As soon as I recognized my surroundings, the bedroom of the Jane Street apartment, my world settled into place again. I lowered myself back down, and Clyde shifted in his sleep to put his arm back over me. I lay still, but my mind was still spinning. That fear was far too fresh in me, too close to the surface. I needed to find some way to drive it down again.

 

I had been afraid of Ray more than half my life, but the fear had gone dormant with distance. Now it was fully awakened again. Terrified and threatened, my head spinning, I had lashed out with all my strength and loosed a waterfall of blood from a fellow human being’s body. He was the only thing in the breathing world I feared, and he had turned me into a killer. I could feel those surging moments of desperation again, wishing over and over to heal the gaping wound and stop the coursing blood, going mad at my failure. Even the thought of him dead at last, a cold body among all the other cold bodies, didn’t kill the fear.

 

Was it him I was afraid of, or myself?

 

The fear was up against me, inside me, under my skin. Adelaide had said to use it. How could I do that? How could I push it away, or transform it into something else?

 

I lay on my back, staring up at the blank white ceiling, thinking of that awful day. How entirely helpless I’d felt, right up until I lashed out, and how regret had washed over me afterward. How the terror was like a djinni escaped from his lamp, never to be crammed back in. How everything had spiraled out of control, and how fervently I wished that everything could come out differently.

 

And that was the seed of the illusion.
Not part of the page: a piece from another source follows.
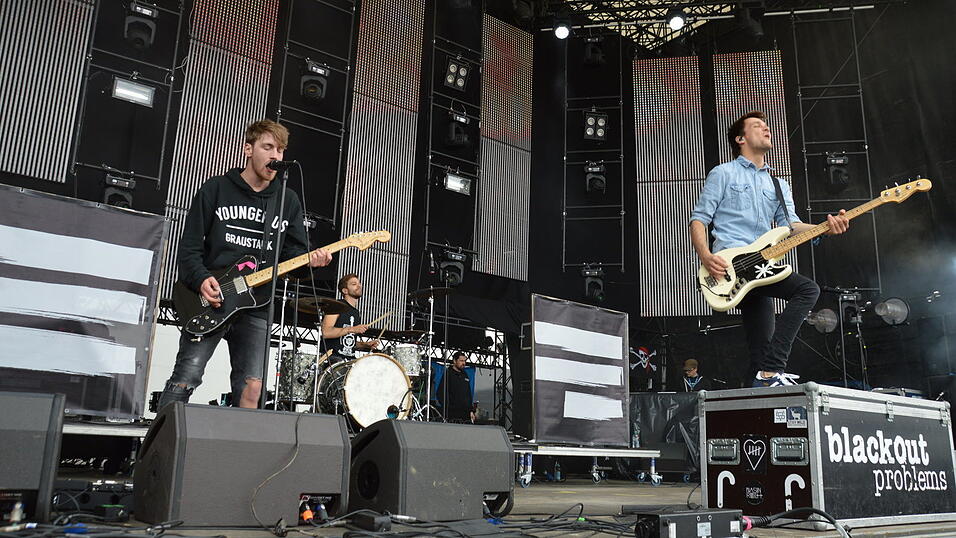 Das war am zweiten Tag des Pfings-Open-Airs in Salching auf dem Festivalgelände los. (Fotos: Florian Wende) Das war am zweiten Tag des Pfings-Open-Airs in Salching auf dem Festivalgelände los. (Fotos: Florian Wende)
How I didn’t need to fear either Ray or myself if I could take back that day. If I could end the confrontation my own way, on my own terms. How I could bring death, yes, but afterward, if I chose to, bring life.

 

By the time Clyde woke up and turned his sleepy gaze on me, I had the idea fully formed. The illusion. Powerful and magical and unique.

 

“Good morning,” I said.

 

“Good morning.”

 

“I have an idea.”

 

“So do I,” he said, nearly purring, and ran his finger up my arm in that tickling way he knew I loved.

 

“Not now.”

 

“When?”

 

I couldn’t hold back a smile. “Soon.”

 

He rolled over, stretched, kissed me gently on the lips, and settled himself back against the pillows. “So what’s your idea?”

 

“A new illusion. One of the boys. Who’s the best?”

 

“At what is the question.” He eyed me, half suspicious.

 

“Not anything in particular. He doesn’t need to be a dancer or an acrobat. Well, an acrobat might be good. But not necessary. It’s a passive role, really.”

 

“Go on.” Idly, he rubbed my shoulder.

 

“He just needs to have presence, mainly. Oh. And act scared.”

 

“Scared about what?”

 

“About what I’m going to do to him.”

 

“And what are you going to do to him, love?”

 

“Cut him in half,” I said.

 

“What?” Clyde’s hand dropped from my shoulder.